* [Description of the task] Using the data that follows, give again word for word the lines between the one holding "The iris dataset" and the one holding "Here's another example: a", inclusive. Omit the pictures.
______
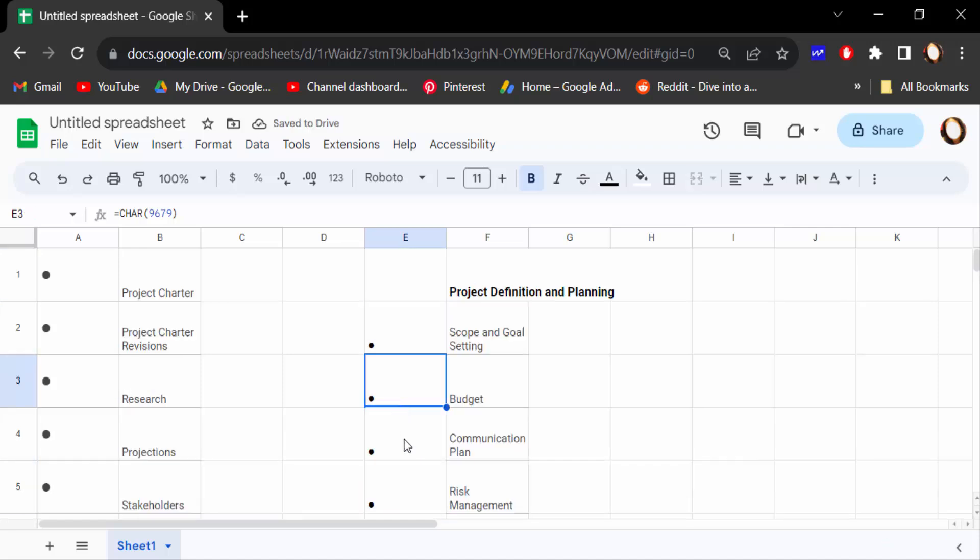So viewers, these are two ways to add bullet points in your Google Sheets document. I hope you enjoyed this video. Thanks for watching, and don't forget to subscribe to my channel. Thank you.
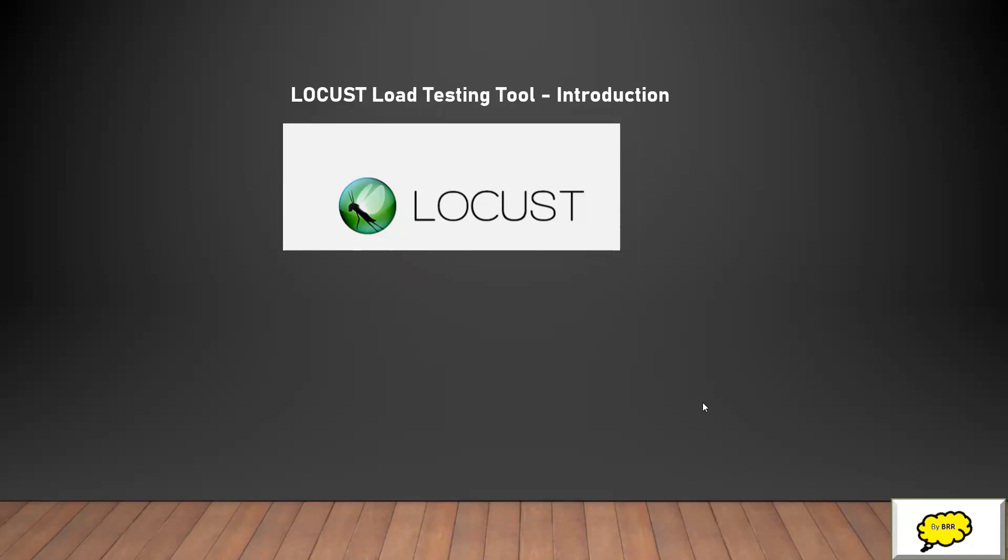Hi everyone, welcome to BLR Knowledge Center. In this session we'll look at Locust load testing tool, which is Python-based.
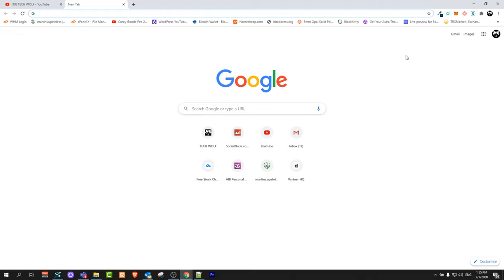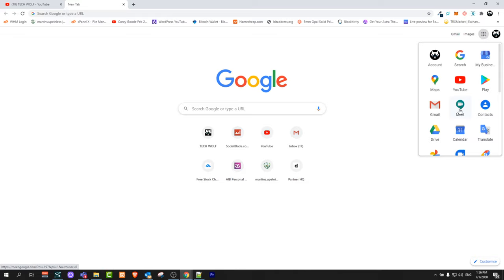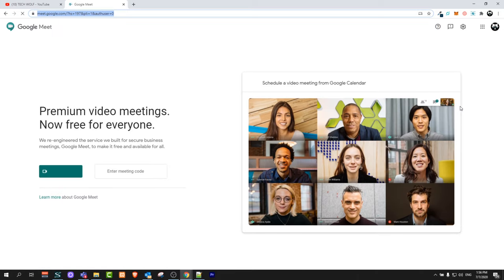If you are using Google Chrome browser, on the right-hand side you will see these dots. Just click on them and here you will find the Meet application.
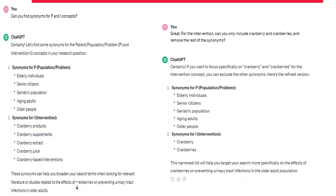I take a moment to review this and see how I want to move forward. I notice, for example, in my synonyms list for my intervention, we have variants for cranberry, but perhaps I want to include all of those. So I prompt ChatGPT again and say, 'Can you just include cranberry and cranberries and remove everything else?' And it was able to do that pretty well. So now that I've identified my PICO, I have my synonyms, and now I need to consider developing the query.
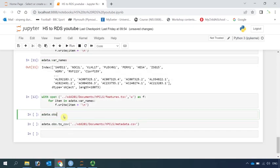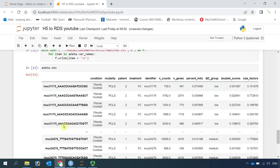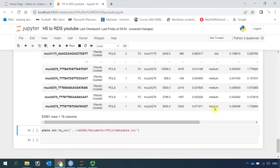In order to produce the same number of cell clusters and the same UMAP pattern, we also need the metadata. So we can have a look at the metadata — here is all the information for it. Now we can also write the metadata.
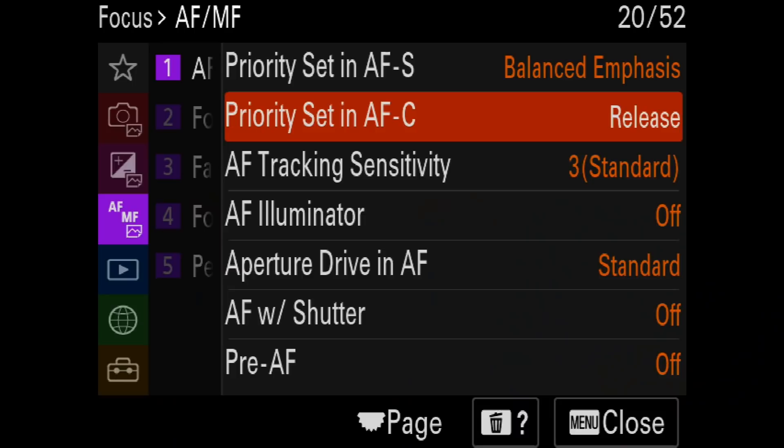One quick note about release priority: keep an eye out as you shoot. If you see a subject really slip out of focus, just stop shooting until the AF system locks back on. It saves some sorting time back home.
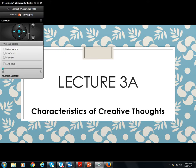Hello and thank you for joining me for lecture 3a today. We are going to be talking about how to identify the characteristics of creative thought.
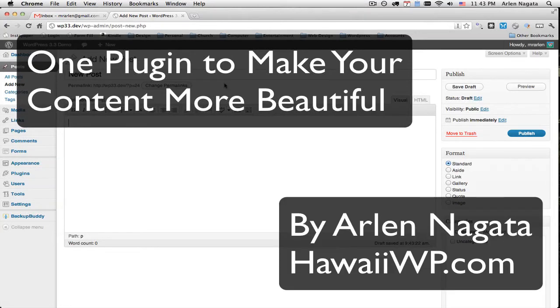Aloha! This is Arlen Nagata from HawaiiWP.com with today's WordPress tip.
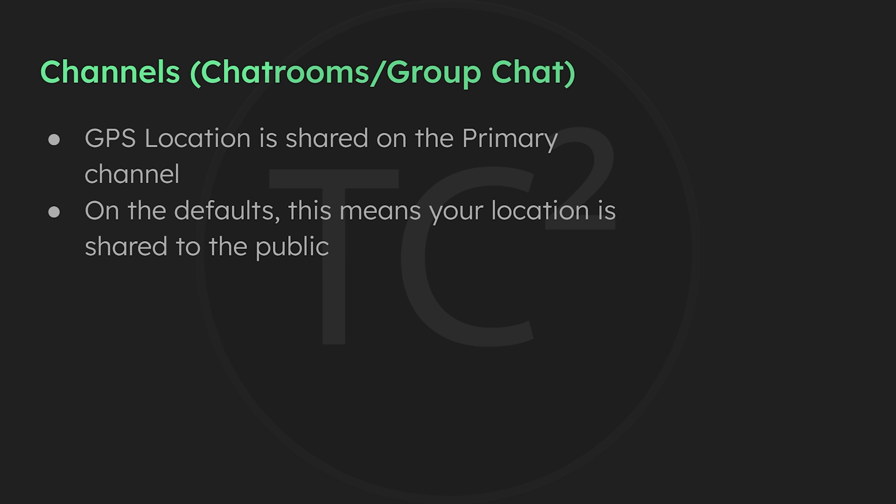If we don't want to use the public channel at all to see who else is out there and talk to other people on the public channel, then this can be simply fixed by changing the encryption key on the primary channel from the default of AQ equal equal sign.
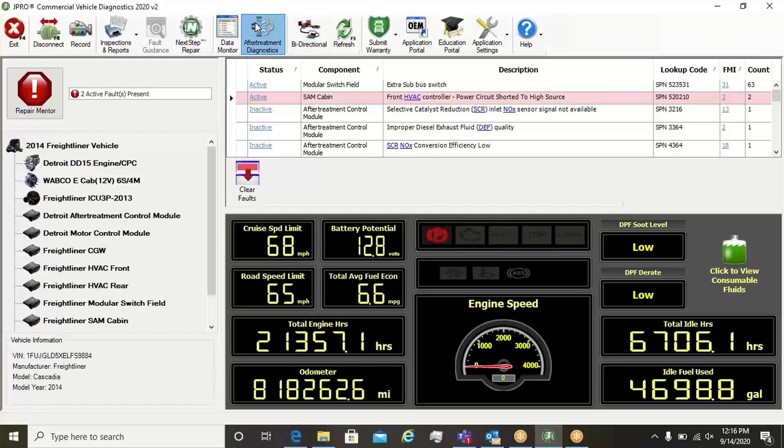Note that some tests, such as a DPF regen, can be launched from additional screens to improve technician efficiency.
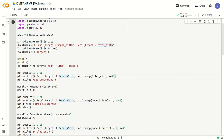The iris dataset basically contains four data columns and one target column. The four data columns are sepal length, sepal width, petal length, and petal width. Iris is a flowering plant and these are its features or attributes. The target column contains numerical values 0, 1, 2 — where 0 stands for setosa, 1 for versicolor, and 2 for virginica. These are the three classes of flowers.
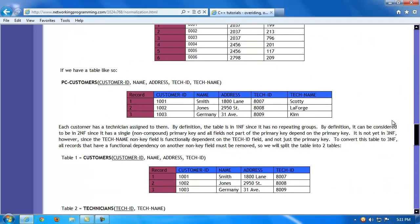Here's another example: a PC customers table that is clearly not in a high form of normalization. The primary key is customer ID, and customer name, address, and the tech assigned to them do depend on that primary key and are functionally dependent on it. However, the tech's name column does not depend on customer ID — it depends on tech ID. This tells us we should split the table into a technician's table and a customer's table, with customer ID as the primary key for customers and tech ID as the primary key for technicians.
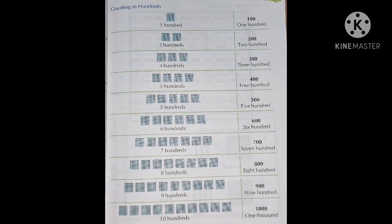So, we have learnt till 100, from 1 to 100. After 100, the same pattern starts: 101, 102, 103 and so on till 199. After 199, 200 comes. Then the same thing starts: 201 to 299.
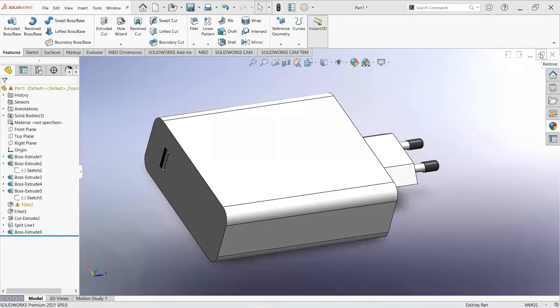Welcome to my YouTube channel CAD tutorial. I am Muhammad Adi Mazhar, and in this video we will learn how to make this simple design.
______
* [Result for this exercise]
The iris dataset basically contains four data columns and one target column. The four data columns are sepal length, sepal width, petal length, and petal width. Iris is a flowering plant and these are its features or attributes. The target column contains numerical values 0, 1, 2 — where 0 stands for setosa, 1 for versicolor, and 2 for virginica. These are the three classes of flowers.
Here's another example: a PC customers table that is clearly not in a high form of normalization. The primary key is customer ID, and customer name, address, and the tech assigned to them do depend on that primary key and are functionally dependent on it. However, the tech's name column does not depend on customer ID — it depends on tech ID. This tells us we should split the table into a technician's table and a customer's table, with customer ID as the primary key for customers and tech ID as the primary key for technicians.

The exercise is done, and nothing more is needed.